Disclosure of the reporting person’s entity is governed by the Minnesota Data Practices Act, Minn. Stat. ch. 13. Section 181.932 does not protect an employee from statements that are false or made in reckless disregard of the truth.

C. Medical Assistance Fraud

Minn. Stat. § 609.466 provides:

Any person who, with the intent to defraud, presents a claim for reimbursement, a cost report or a rate application, relating to the payment of medical assistance funds pursuant to chapter 256B, to the state agency, which is false in whole or in part, is guilty of an attempt to commit theft of public funds and may be sentenced accordingly.

D. Vulnerable Adult Protections

Minnesota law provides protections for vulnerable adults against financial exploitation and maltreatment. Minn. Stat. § 609.2335 imposes criminal penalties of imprisonment and/or a fine on persons committing the crime of financial exploitation. In summary, acts constituting financial exploitation include:

(1) In breach of a fiduciary duty recognized by law, a person:

(i) fails to use a vulnerable adult’s property or financial resources to provide food, clothing, shelter, healthcare, therapeutic conduct or supervision;
(ii) uses, manages or takes either temporarily or permanently the vulnerable adult’s property or financial resources, whether held in the name of the vulnerable adult or a third party, for the benefit of someone other than the vulnerable adult; or
(iii) deprives the vulnerable adult, either temporarily or permanently, his property or financial resources, whether held in the name of the vulnerable adult or a third party, for the benefit of someone other than the vulnerable adult; or

(2) Without legal authority, a person:

(i) acquires possession or control of the vulnerable adult’s interest in property or financial resources, whether held in the name of the vulnerable adult or a third party, through duress, undue influence, or harassment;
(ii) forces or entices a vulnerable adult against his will to perform services for the profit or advantage of another; or
(iii) forms a relationship with fiduciary obligation to a vulnerable adult through undue influence, harassment, duress, force, compulsion, coercion or other enticement.

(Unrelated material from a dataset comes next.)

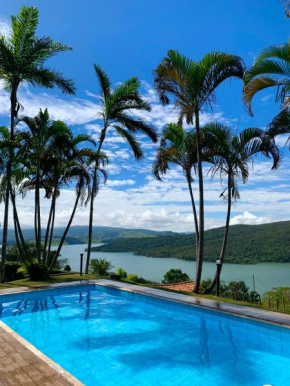 Mirante do Lago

Minn. Stat. § 626.557 requires reporting of maltreatment of vulnerable adults. Professionals and their delegates engaged in the care of vulnerable adults and employees providing personal care assistance and home health care services are mandatory reporters. Mandatory reporters who have reason to believe that a vulnerable adult is being or has been maltreated, or who has knowledge that a vulnerable adult has suffered an injury that is not reasonably explained must immediate report the information to the county or its designee. Persons making a report in good faith are immune from civil or criminal liability. Mandatory reporters who negligently or intentionally fail to report are liable for damages caused by such failure.

E. Treble Damages

Minn. Stat. § 256B.121 provides:

Any vendor of medical care who willfully submits a cost report, rate application or claim for reimbursement for medical care which the vendor knows is a false representation and which results in the payment of public funds for which the vendor is ineligible shall, in addition to other provisions of Minnesota law, be subject to an action by the state of Minnesota or any of its subdivisions or agencies for civil damages. The damages awarded shall include three times the payments which result from the false representation, together with costs and disbursements, including reasonable attorneys’ fees or their equivalent.

VI. Accra’s Whistleblower Policy

Accra has adopted a policy concerning employee’s whistleblower rights. See policy. VII. Accra’s Fraud, Waste and Abuse Policy and Internal Reporting Procedure Accra has adopted the policies and procedures for detecting and preventing fraud, waste, and abuse. See policy. All employees and responsible parties are required to read and acknowledge by signature the Accra’s Fraud, Waste, and Abuse Policy annually.